A limitation of our study is its retrospective nature. Hence, in order to ensure high data quality, we had to exclude some participants due to missing data or loss to follow-up. However, we firmly believe that our study sample consisting of 83.8% (n = 217) female participants with a mean age of 39.9 ± 12.1 years is representative of the general migraine population. Another important limitation of our study is the absence of a control group; therefore, we cannot rule out the influence of confounding variables, natural disease progression, or external factors that may have affected the observed outcomes.
In recent years, numerous risk factors for cerebrovascular diseases were identified, among them obesity, hypercholesterinemia, diabetes, and smoking. Hypertension, however, is known as the most prevalent [16] and presumably also as the most relevant controllable risk factor for stroke.
Several studies could show that the relative risk of an ischemic stroke in migraine patients with aura ranges from 2.14 to 2.41 [17,18]; especially women younger than 45 years who use an oral hormonal contraceptive and smoke are at risk [19]. Active migraine, i.e., migraine attacks in the last 12 months, as well as high attack frequency further increase the risk for a cerebrovascular event [17].

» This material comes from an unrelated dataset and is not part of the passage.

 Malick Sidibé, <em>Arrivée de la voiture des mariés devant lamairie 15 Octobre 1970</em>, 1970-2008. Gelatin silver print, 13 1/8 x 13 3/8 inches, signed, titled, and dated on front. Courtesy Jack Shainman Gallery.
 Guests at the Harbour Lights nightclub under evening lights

Hence, it is of utmost interest to the headache community to provide this vulnerable patient group with a treatment that is both effective and safe.
5. Conclusions
Our extensive retrospective analysis strongly supports the vascular safety of monoclonal antibodies that interfere with the CGRP pathway in migraine patients. This is consistent with data from approval studies and long-term observational studies. While it is important to consider the potential inhibitory effect on vasodilation of this drug class, it is worth noting that there are numerous redundant endothelial effectors that counteract the antagonism of CGRP, at least in healthy patients. Overall, our findings suggest that the benefits of these monoclonal antibodies outweigh any potential risks. In clinical practice, it is recommended to proactively address arterial hypertension, a known cardiovascular risk factor, in patients with migraine, based on our data.